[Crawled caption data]
---------------
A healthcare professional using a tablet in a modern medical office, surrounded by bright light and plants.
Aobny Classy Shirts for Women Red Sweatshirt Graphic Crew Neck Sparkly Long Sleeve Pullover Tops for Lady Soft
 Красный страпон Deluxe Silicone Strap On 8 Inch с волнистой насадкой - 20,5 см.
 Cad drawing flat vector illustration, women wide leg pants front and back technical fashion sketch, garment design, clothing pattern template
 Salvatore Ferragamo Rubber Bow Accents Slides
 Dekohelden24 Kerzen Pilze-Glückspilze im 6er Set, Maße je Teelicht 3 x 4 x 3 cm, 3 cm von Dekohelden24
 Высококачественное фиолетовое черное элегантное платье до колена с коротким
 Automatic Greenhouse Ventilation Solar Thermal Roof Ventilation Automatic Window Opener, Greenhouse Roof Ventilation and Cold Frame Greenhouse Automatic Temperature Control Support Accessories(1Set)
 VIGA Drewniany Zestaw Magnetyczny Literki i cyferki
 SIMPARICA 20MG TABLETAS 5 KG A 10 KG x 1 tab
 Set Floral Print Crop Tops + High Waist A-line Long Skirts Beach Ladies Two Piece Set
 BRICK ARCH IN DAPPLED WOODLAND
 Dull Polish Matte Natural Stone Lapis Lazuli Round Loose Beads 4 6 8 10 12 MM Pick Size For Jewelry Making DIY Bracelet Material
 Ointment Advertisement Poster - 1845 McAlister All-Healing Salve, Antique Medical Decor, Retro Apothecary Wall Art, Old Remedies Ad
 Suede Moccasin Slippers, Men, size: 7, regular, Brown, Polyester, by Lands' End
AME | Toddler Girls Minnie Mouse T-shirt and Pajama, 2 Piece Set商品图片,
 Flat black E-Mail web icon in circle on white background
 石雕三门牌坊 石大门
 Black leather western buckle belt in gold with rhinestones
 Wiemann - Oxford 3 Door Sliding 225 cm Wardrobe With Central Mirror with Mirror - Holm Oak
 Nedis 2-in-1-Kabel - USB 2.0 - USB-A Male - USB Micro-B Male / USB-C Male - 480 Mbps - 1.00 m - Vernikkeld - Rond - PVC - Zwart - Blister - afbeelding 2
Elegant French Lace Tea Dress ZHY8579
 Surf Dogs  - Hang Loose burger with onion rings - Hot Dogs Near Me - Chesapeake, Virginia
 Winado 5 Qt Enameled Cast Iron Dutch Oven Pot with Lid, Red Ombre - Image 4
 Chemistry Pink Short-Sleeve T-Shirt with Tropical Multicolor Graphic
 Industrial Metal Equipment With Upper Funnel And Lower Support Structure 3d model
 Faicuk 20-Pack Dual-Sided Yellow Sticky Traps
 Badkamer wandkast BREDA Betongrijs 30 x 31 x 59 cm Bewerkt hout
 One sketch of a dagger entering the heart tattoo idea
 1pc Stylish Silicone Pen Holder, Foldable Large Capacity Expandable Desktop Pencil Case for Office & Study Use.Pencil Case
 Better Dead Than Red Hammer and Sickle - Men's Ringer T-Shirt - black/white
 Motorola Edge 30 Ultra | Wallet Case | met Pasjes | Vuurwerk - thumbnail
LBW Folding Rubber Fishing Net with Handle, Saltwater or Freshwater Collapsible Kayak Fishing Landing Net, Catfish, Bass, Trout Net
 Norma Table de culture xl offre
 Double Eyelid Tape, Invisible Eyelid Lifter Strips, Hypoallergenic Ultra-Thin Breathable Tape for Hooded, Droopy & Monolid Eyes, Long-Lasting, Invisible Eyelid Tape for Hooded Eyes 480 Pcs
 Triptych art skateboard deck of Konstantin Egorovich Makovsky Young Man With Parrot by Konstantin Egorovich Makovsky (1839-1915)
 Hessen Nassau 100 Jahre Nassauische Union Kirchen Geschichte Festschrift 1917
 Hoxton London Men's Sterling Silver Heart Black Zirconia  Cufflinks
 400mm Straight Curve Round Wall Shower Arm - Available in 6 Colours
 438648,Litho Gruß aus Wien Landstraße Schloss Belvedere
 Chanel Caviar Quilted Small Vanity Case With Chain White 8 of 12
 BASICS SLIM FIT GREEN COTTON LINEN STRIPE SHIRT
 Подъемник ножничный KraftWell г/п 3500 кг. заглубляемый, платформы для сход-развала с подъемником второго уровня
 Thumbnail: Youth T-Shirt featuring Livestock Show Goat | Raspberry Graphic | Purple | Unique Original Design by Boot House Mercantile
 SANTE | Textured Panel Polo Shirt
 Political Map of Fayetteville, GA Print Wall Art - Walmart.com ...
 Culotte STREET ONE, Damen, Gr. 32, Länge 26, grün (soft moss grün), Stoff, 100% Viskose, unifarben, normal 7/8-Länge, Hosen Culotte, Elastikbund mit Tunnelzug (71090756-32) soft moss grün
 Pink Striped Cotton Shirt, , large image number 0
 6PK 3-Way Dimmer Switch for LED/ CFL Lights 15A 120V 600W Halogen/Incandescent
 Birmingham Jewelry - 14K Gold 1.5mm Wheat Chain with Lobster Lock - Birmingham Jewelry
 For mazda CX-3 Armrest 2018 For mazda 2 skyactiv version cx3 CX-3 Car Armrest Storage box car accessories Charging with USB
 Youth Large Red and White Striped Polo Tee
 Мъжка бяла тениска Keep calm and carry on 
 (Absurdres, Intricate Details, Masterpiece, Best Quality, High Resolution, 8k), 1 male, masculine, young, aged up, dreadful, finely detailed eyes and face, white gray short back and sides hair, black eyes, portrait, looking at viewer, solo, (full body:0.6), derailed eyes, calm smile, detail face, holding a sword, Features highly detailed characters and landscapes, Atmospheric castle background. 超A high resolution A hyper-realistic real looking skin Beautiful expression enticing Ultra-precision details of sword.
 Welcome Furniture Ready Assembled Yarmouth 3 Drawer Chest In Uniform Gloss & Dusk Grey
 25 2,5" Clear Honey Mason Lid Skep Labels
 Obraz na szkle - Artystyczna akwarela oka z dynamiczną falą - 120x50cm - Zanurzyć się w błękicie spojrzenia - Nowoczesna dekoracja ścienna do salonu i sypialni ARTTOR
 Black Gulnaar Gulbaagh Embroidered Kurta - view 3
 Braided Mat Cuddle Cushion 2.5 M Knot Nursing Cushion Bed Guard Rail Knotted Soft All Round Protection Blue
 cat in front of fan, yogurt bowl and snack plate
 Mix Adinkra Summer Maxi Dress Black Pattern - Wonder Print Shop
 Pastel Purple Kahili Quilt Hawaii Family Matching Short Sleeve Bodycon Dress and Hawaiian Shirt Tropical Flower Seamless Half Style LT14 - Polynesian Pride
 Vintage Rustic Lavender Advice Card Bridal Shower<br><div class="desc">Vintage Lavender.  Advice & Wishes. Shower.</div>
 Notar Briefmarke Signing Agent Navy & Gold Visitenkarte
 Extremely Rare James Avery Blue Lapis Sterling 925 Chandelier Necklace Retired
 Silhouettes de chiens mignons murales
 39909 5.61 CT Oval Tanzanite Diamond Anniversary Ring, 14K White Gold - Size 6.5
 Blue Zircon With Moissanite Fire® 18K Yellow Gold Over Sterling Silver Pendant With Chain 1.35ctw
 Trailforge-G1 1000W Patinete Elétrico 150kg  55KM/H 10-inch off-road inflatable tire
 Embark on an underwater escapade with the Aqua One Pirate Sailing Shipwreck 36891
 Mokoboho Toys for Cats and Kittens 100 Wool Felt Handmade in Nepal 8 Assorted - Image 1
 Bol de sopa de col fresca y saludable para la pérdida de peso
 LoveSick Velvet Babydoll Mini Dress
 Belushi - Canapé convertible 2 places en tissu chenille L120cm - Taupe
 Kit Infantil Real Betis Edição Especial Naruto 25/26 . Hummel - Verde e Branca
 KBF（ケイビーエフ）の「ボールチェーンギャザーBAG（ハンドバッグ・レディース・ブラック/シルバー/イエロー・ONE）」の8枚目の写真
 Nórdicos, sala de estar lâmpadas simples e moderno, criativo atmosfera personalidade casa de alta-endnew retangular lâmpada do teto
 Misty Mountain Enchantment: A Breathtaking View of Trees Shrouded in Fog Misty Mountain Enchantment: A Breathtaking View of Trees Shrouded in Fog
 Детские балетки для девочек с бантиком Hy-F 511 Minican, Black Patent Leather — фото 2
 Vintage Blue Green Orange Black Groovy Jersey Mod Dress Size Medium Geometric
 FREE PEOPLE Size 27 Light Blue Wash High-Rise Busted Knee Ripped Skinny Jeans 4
---------------
### Exercise directions
Could you return exactly the stretch of the data above that starts at the line with "Flat black E-Mail" and ends at the line with "1pc Stylish Silicone", both lines included?

### Task response
 Flat black E-Mail web icon in circle on white background
 石雕三门牌坊 石大门
 Black leather western buckle belt in gold with rhinestones
 Wiemann - Oxford 3 Door Sliding 225 cm Wardrobe With Central Mirror with Mirror - Holm Oak
 Nedis 2-in-1-Kabel - USB 2.0 - USB-A Male - USB Micro-B Male / USB-C Male - 480 Mbps - 1.00 m - Vernikkeld - Rond - PVC - Zwart - Blister - afbeelding 2
Elegant French Lace Tea Dress ZHY8579
 Surf Dogs  - Hang Loose burger with onion rings - Hot Dogs Near Me - Chesapeake, Virginia
 Winado 5 Qt Enameled Cast Iron Dutch Oven Pot with Lid, Red Ombre - Image 4
 Chemistry Pink Short-Sleeve T-Shirt with Tropical Multicolor Graphic
 Industrial Metal Equipment With Upper Funnel And Lower Support Structure 3d model
 Faicuk 20-Pack Dual-Sided Yellow Sticky Traps
 Badkamer wandkast BREDA Betongrijs 30 x 31 x 59 cm Bewerkt hout
 One sketch of a dagger entering the heart tattoo idea
 1pc Stylish Silicone Pen Holder, Foldable Large Capacity Expandable Desktop Pencil Case for Office & Study Use.Pencil Case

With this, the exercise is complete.